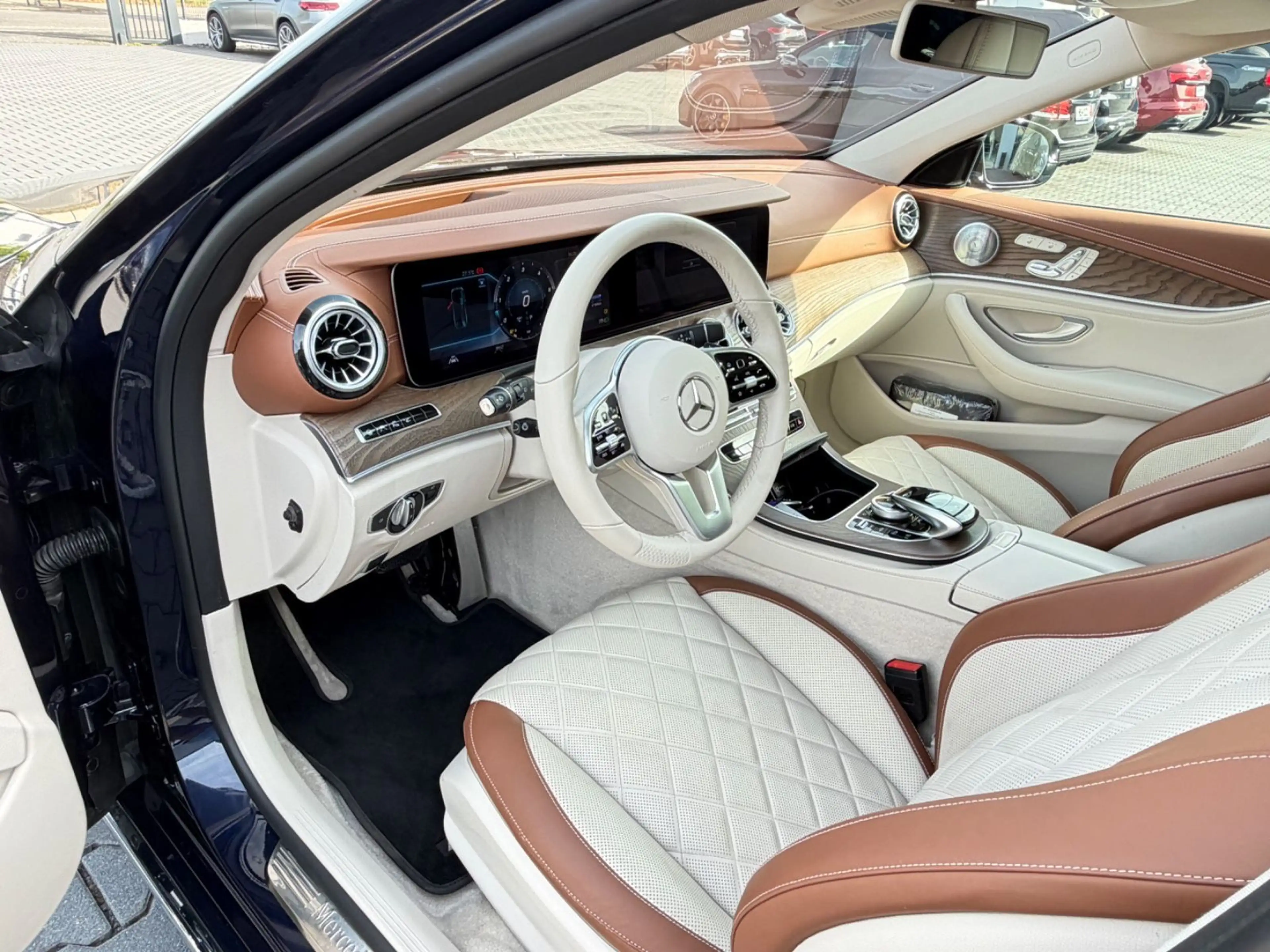 Mercedes-Benz E 400 E400d*4M*DESIGNO-PAKET*HUD*ACC*360*AHK*BURMESTER — photo 15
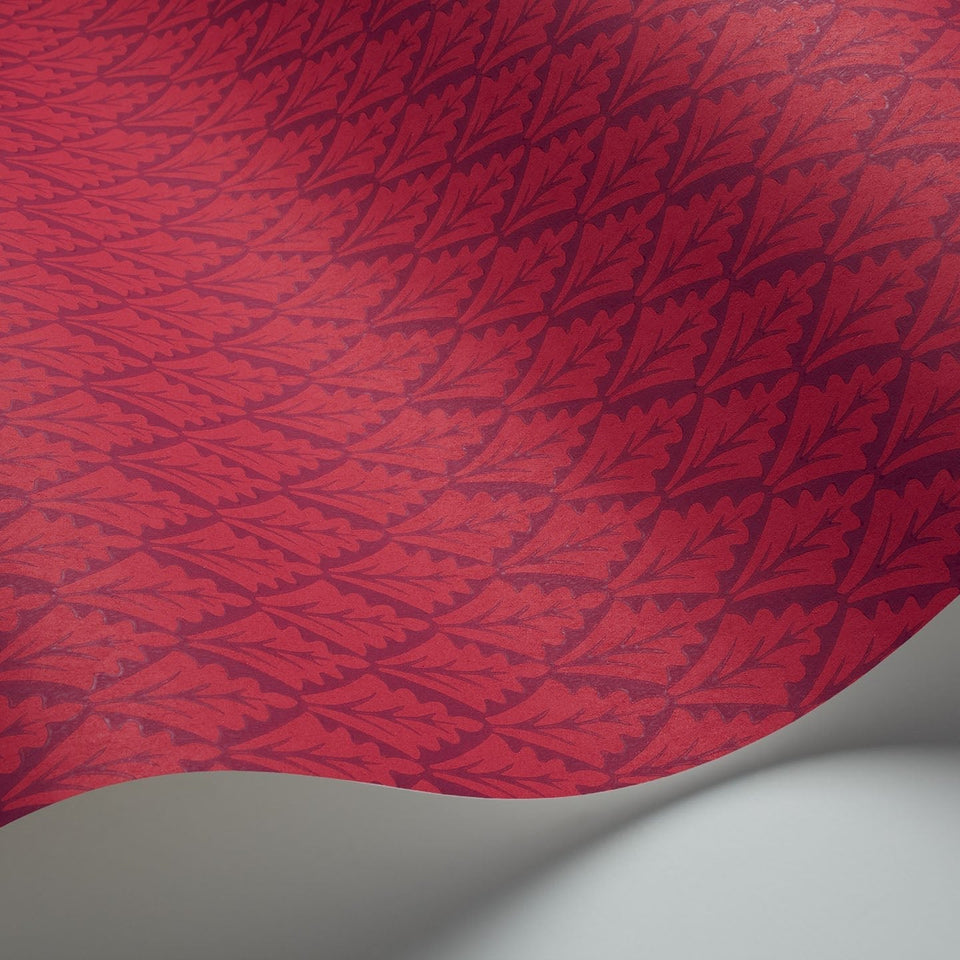 Lee Priory wallpaper by Cole & Son — Magenta & Rouge
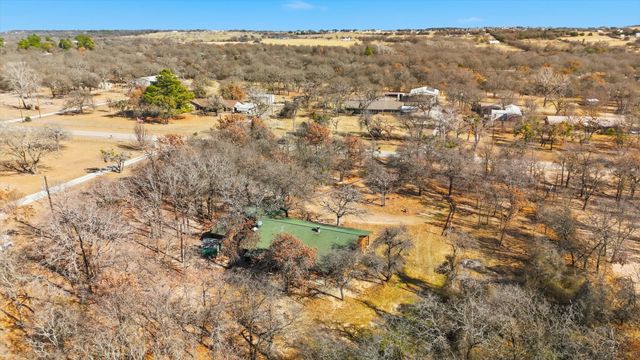 504 Windsor Lane, Springtown, TX 76082
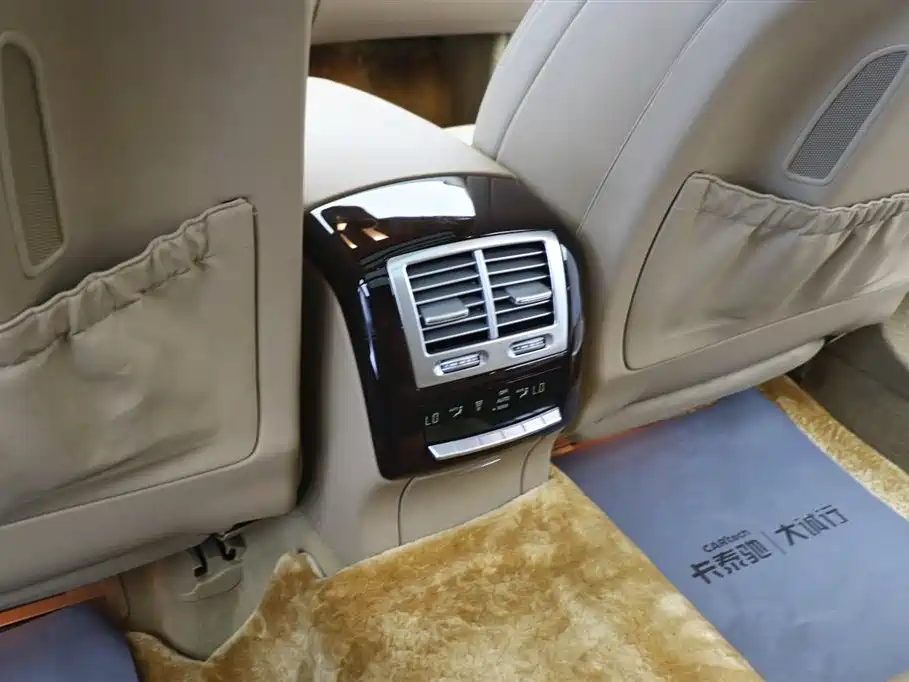 Mercedes-Benz S-Class AMG 2010 — фото 20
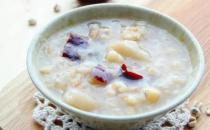 喝薏米百合粥好處多多！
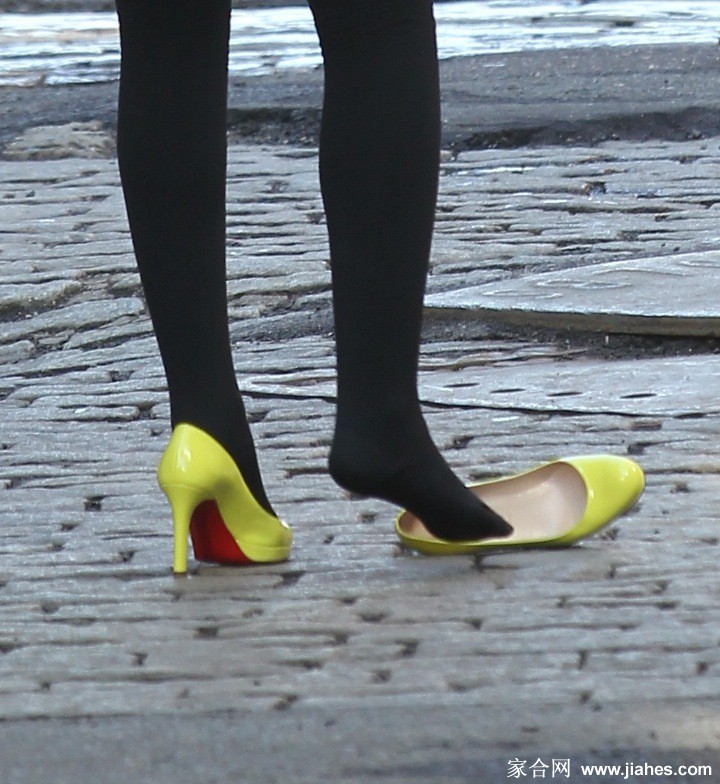 [CELEBRITY NYLON]Leighton Meester in nylon stockings,pantyhose,tights 2[7]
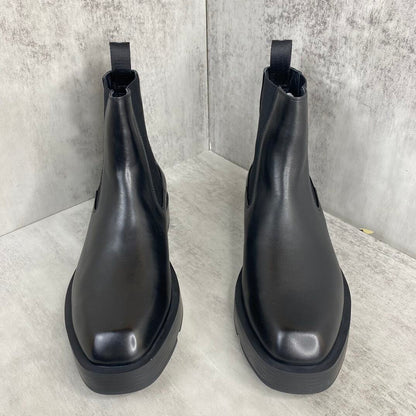 Givenchy Leather Chelsea Boots
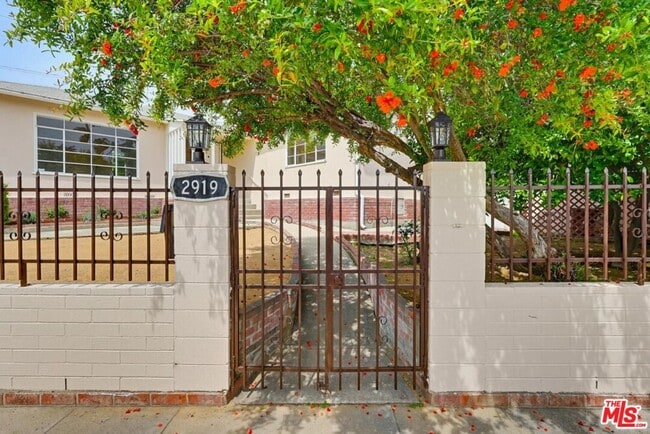 Photo - 2919 Maxwell St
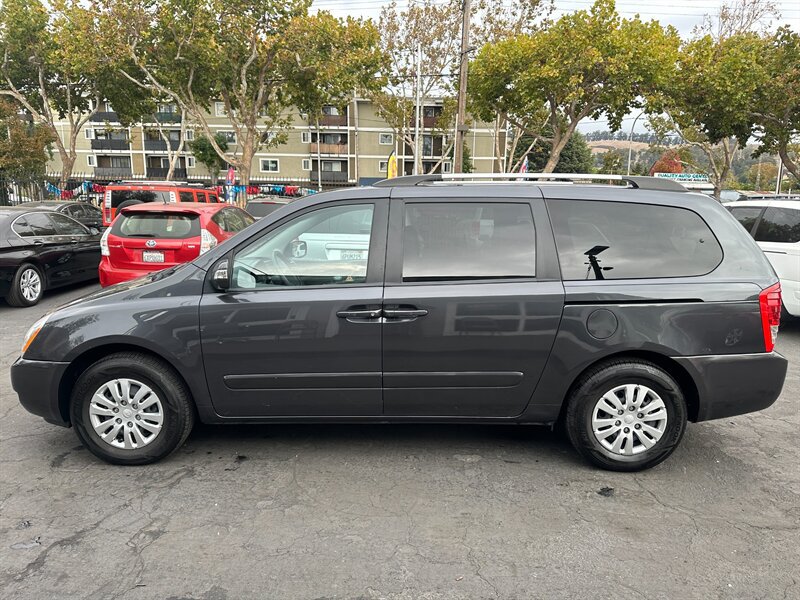 Used 2012 Kia Sedona LX FWD image 8
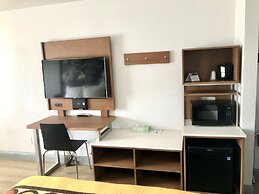 Super 8 by Wyndham Fort Bragg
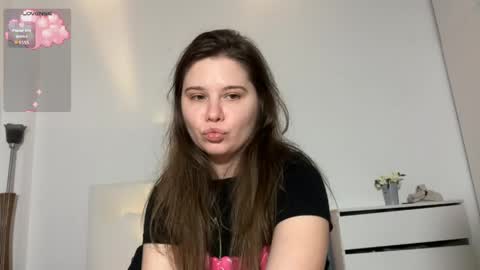 Snapshot of chiculya chatting on 05.31.26 chiculya online show from 05.31.26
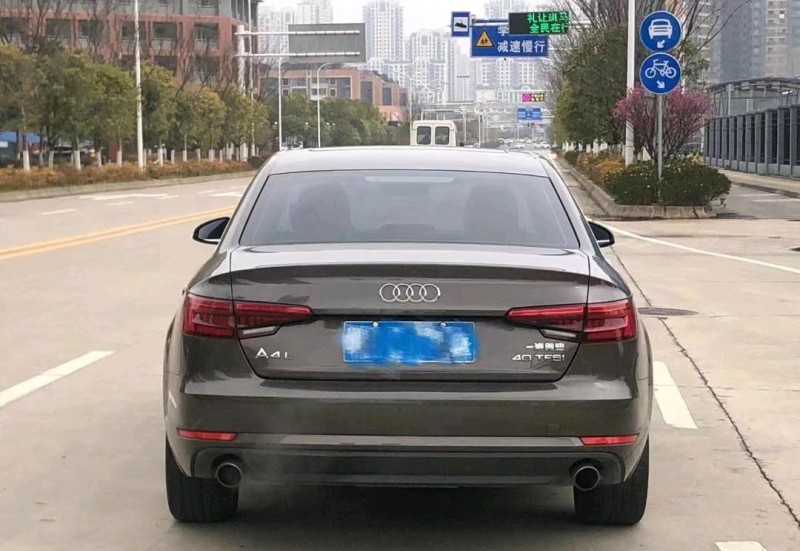 防城港18年奧迪A4L2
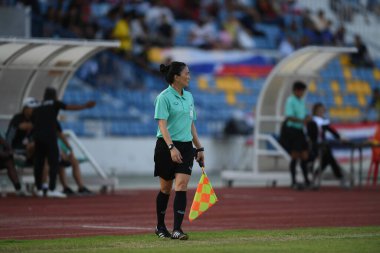 Chonburi-Tayland-19aug2019: Tayland Beden Eğitimi Enstitüsü 'nde 9-0 Timor leste AFF sırasında hakem yardımcısı olarak görev yapan Truong thi le trinh fifa, Tayland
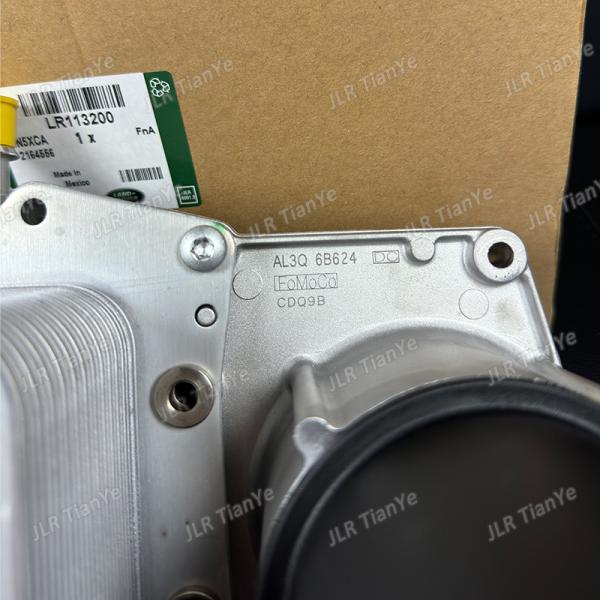 Suitable for Range Rover 4.4 Diesel Oil Filter Oil Radiator LR113200 LR022895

-*-*-

INSTRUCTIONS TO FOLLOW => Each line from the one holding "Super 8 by Wyndham Fort Bragg" to the end of the records above must be copied exactly; the pictures must not be copied.

RESULT OF THIS TASK =>
 Super 8 by Wyndham Fort Bragg
 Snapshot of chiculya chatting on 05.31.26 chiculya online show from 05.31.26
 防城港18年奧迪A4L2
 Chonburi-Tayland-19aug2019: Tayland Beden Eğitimi Enstitüsü 'nde 9-0 Timor leste AFF sırasında hakem yardımcısı olarak görev yapan Truong thi le trinh fifa, Tayland
 Suitable for Range Rover 4.4 Diesel Oil Filter Oil Radiator LR113200 LR022895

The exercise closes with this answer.